In its request, PSE told the UTC it needed a 3.25% increase in overall bills for all natural gas customers to generate $16.8 million required to cover their losses, which would be done under a State Carbon Reduction Charge.
The request states that a typical resident using 64 therms per month would see an increase of $3.71 per month or 3.89%, with lower rate increases for lower-income customers. A therm is a unit of heat used for measuring a gas supply.
However, AGO Assistant Attorney General Nina Suetake wrote in a July 3 letter to the UTC that they were “concerned with PSE’s proposal to itemize the State Carbon Reduction Charge and State Carbon Reduction Credit on customer bills. If all program specific charges were included as line items, customer bills would quickly become incomprehensible. We believe the issue of whether to itemize these charges and credits on bills requires more discussion in upcoming workshops to ensure that the itemization would add to customer understanding and experience, rather than unnecessarily complicate utility bills.”

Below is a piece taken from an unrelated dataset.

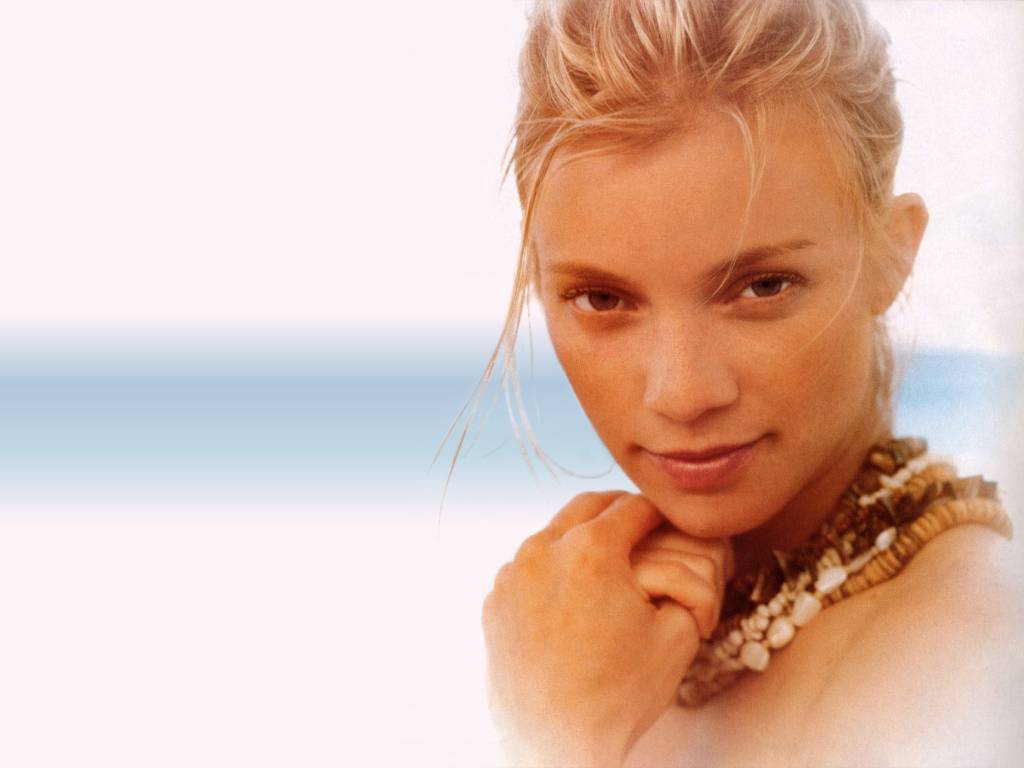 Amy Smart - Images Colection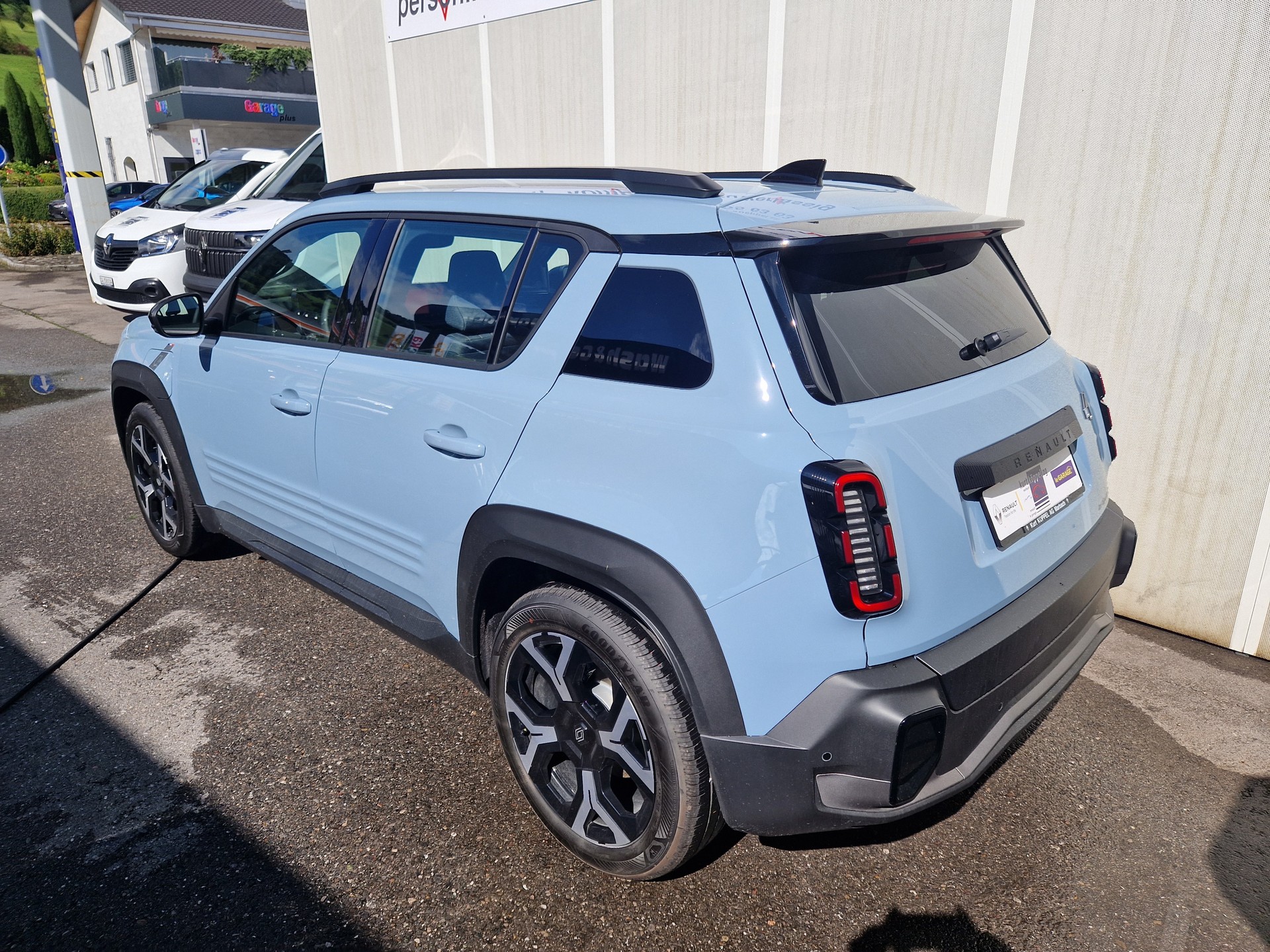 RENAULT 4 E-TECH Comfort Range techno-showroom-element-2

In its final decision, the UTC sided with Suetake. While acknowledging “that the tariff revisions are necessary to allow the Company to begin to recover the costs of implementing the CCA,” the three-member board also wrote that PSE “should not include the proposed ‘carbon reduction charge’ as a line item on customer bills. Public Counsel [Suetake] correctly observes that including all program charges on customer bills would quickly result in lengthy and confusing bills. Additionally, only those charges or credits that inure to the benefit of customers should be included as line items on customer bills.”
The decision stipulated that "only those charges or credits that inure to the benefit of customers should be included as line items on customer bills."
In a Friday blog post, Washington Policy Center Environmental Director Todd Myers wrote that “this is not only dishonest but violates the spirit of Washington’s laws and constitution. The position of the Public Counsel in the Attorney General’s office is that they know what the public should know and what they shouldn’t. The claim that transparency is bad for the public is remarkable and revealing.”